癒やしのフェミニズム
私はフェミニズムを学んでいる。場所は大学ではない。
大学でない理由はいくつかある。一番大きな理由は大学の授業として行われるフェミニズムの授業には限界があり、ただでさえ人気がない授業なのでシラバスの計画書の段階で攻めた内容が却下されてしまうからだ。大学では万人受けする優しいフェミニズムの内容しか学ぶことができない。
万人受けマジョリティのフェミニズムとは、ヘルシーな天丼、眠眠打破、ダイエット甘味料、まったく役に立たないとは言わないが、その存在自体に大いなる矛盾をはらむものと並ぶ。むしろ、昨今のそうしたマジョリティ女性のためのフェミニズムが、本当に差別的な扱いに沈んでしまいがちな人をより深く沈める原因になっている。
大学ではないとはいえ、ちゃんと対価を支払って学んでいるので、講師もガチだし授業もガチ。本当に学びたい人しか集まってこない。
【素朴な質問】という形の無邪気な差別発言も一切許さないガチ勢の講義の中で、私はフェミニズムによって自分が癒やされているのを感じる。
どういうことかというと、かつて自分が感じた違和感や傷つきに、エビデンスつきで名前がつけられるからだ。
例えばこうである。
私はド田舎で新入社員であったときに、上司から求められる報告が私の口からだと伝わらないことに気づく。
「これはAでした」「ええ?本当に?もう一度調べてきて」
(調べ直す)「Aです」「いいや、自分で調べてくるよ」
(調べてきた)「違っていましたか?」「いや〜…Aだったよ」
(私の話しを信じる気がないなら、そもそも別の人に頼んでは?)
こうした現象を引き起こすものをバイアスと呼ぶ。男女関係なく誰にでもあるもの。
しかし、あるカテゴリに属する集団には頻繁に引き起こされる。属性は性別であったり、年齢であったり、出身や国籍だったりする。
多くは本人の選択とは関係なく所属し、変更不可のものが多い。
こうしたことはバイアスを持つ人間の眼差しかたの問題であるにも関わらず、不利益を被った立場の弱い人間の責任にされることが多い。

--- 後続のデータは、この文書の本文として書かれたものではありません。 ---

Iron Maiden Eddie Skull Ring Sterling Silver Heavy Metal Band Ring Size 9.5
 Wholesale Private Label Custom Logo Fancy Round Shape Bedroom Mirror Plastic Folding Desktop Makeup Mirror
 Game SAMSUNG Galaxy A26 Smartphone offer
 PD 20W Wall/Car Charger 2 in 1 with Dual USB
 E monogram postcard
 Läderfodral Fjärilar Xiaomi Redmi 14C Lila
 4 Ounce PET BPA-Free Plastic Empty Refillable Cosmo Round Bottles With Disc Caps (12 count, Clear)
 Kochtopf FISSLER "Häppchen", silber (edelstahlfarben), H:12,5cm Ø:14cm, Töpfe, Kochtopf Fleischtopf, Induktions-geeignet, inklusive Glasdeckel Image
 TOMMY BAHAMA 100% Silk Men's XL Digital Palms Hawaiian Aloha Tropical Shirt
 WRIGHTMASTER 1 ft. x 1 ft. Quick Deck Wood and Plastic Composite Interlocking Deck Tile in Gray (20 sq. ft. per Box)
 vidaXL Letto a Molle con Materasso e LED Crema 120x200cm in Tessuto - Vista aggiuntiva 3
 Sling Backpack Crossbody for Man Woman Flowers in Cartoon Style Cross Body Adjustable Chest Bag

差別がそのような構造なのだと説明されるまで、私は信用されないのは自分の落ち度だと思っていた。現象に名前がついて論理的に説明されると、少なくともそれ以上自分を責めないで済む。
癒やされているのは私だけではないようで、講義が終わった後の質問タイムでは、講義内容により、感情が大きく揺さぶられてしまう人もしばしばお見かけする。
結婚も出産もしなかったのに、子どもに関わる仕事をしていた女性が言った。「定年するまでずっと私はこの仕事をする資格がないのではないかと思っていた。子どもをひとりも育てたことがないのに、子育てなんかできるのかと、熱心な母親になればなるほど私にそのように告げてきた」のだと。
ある男性は言った。「私が性暴力にあったのだと訴えても、周囲の人も、警察もそれは大したことではないし、あなたを救う法律はないという」
今は前者ほど赤裸々な差別発言をする母親は少なくなったのかもしれないけれど(少なくとも公的な場でその発言をしたならば、謝罪させることは可能そう)後者は現在進行系なのである。
だから、”安全”な場で、傷ついた自分を誰かに肯定してもらい、過去に名前をつけて整理していく。起こったことは変えられないけれど、どう整理するかは自分でコントロールできるかもしれない(できない人ももちろん大勢いる)そんな一縷の望みをフェミニズムに託した人たち、様々な回復のフェーズにいる人がいて、私は毎回胸が熱くなってしまうのだ。
だから、大好き、フェミニズム!!
そもそも、フェミニズムって「性別を根拠とした差別的な取り扱いの撲滅を目指す運動」が、概ね正しい定義なのだと思うけれど、あまり厳密ではない。
noteやXでも、自己中心的なもの、女性を盲目的に弱者と定義し自分に都合のいいフェミニズムをかざす人も多い。そういう自称フェミニストは、よりマイノリティの立場にある人をいとも簡単に踏み潰す。私はそういうフェミニズムは嫌いである。
世界を男と女の2つだけにわけて運用したら、こんなことになってしまっているわけだけど、フェミニズムはその世界をつぶさに観察し、一方的な構造を是正しようとするだけじゃなくて、すでに傷ついた人を癒やしたり、誰かの祈りだったりするものでもあるんじゃないかと思っている。絵を描いたり踊ったりするようなことに並ぶ、結構ロマンチックな営みだと感じている。